Explains how social scientists can evaluate the reliability and validity of empirical measurements, discussing the three basic types of validity: criterion related, content, and construct. In addition, the paper shows how reliability is assessed by the retest method, alternative-forms procedure, split-halves approach, and internal consistency method.
Edward G. Carmines is Warner O. Chapman Professor of Political Science and Rudy Professor at Indiana University. He is also the director of the Center on American Politics and the research director at the Center on Congress at Indiana University. His research focuses on American politics, especially elections, public opinion, and political behavior. He has published widely in the major journals in the discipline including the American Political Science Review, American Journal of Political Science, and Journal of Politics. He is the coauthor of seven books, two of which, Issue Evolution: Race and Transformation of American Politics, with James A. Stimson (Princeton University Press 1992), and Reaching beyond Race, with Paul M. Sniderman (Harvard University Press 1997), won the American Political Science Association's Gladys M. Kammerer Award for best book in the field of U.S. national policy.

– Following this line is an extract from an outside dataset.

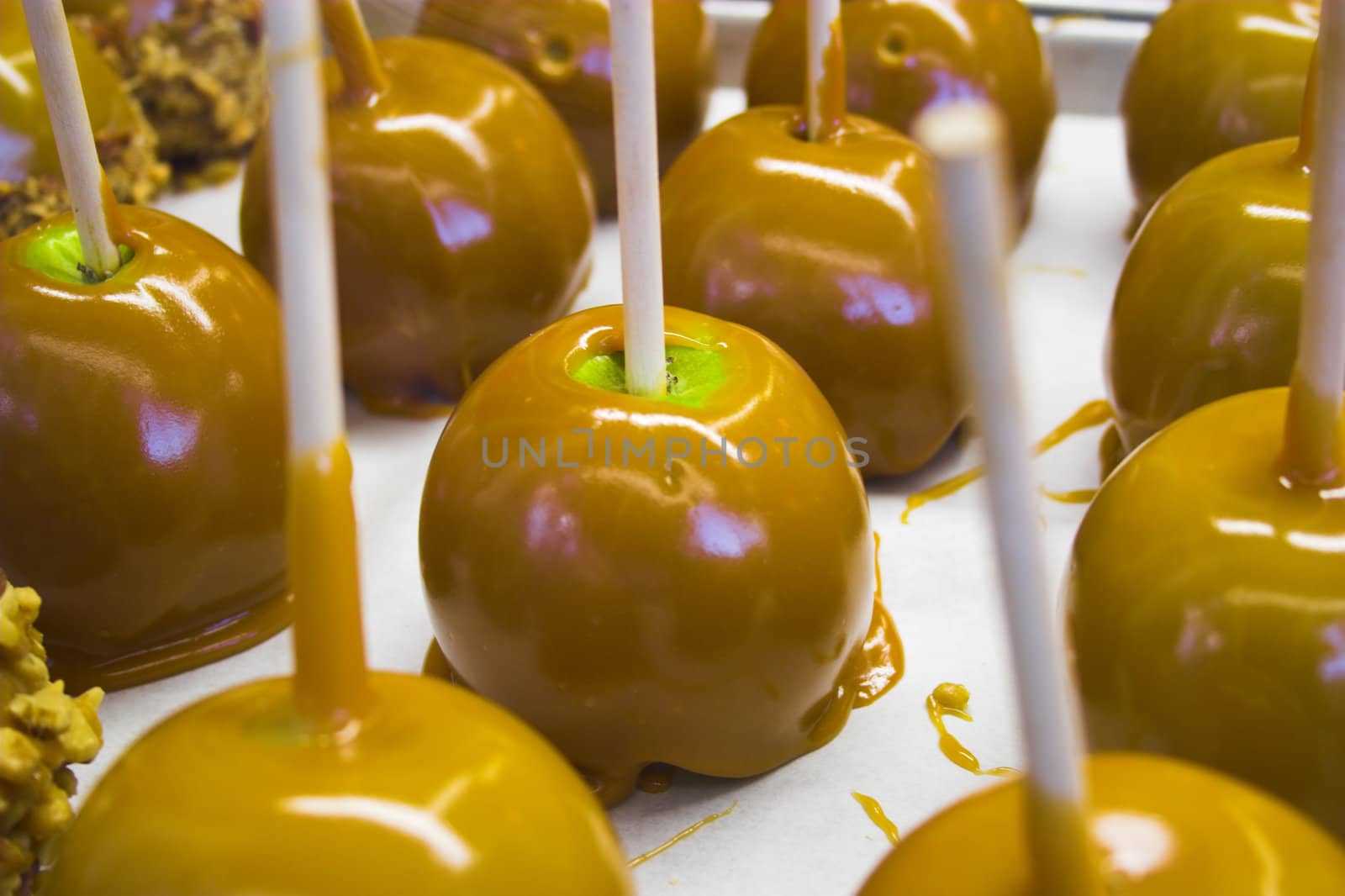 Green apples on food tray covered with sweet caramel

Four of his papers presented at academic conferences have won outstanding paper awards, including the Franklin L. Burdette Pi Sigma Alpha Award, the Pi Sigma Alpha Award, and the Chastain Award.
Professor Carmines was a Visiting Professor at the University of Oxford in 1998, a Fellow at the Center for the Advanced Study in Behavioral Sciences at Stanford University in 2000-01, and a Fellow at the Center for the Study of Democratic Politics at Princeton University in 2006-07. In 1987 he was awarded the AMOCO Award for Distinguished Teaching from Indiana University.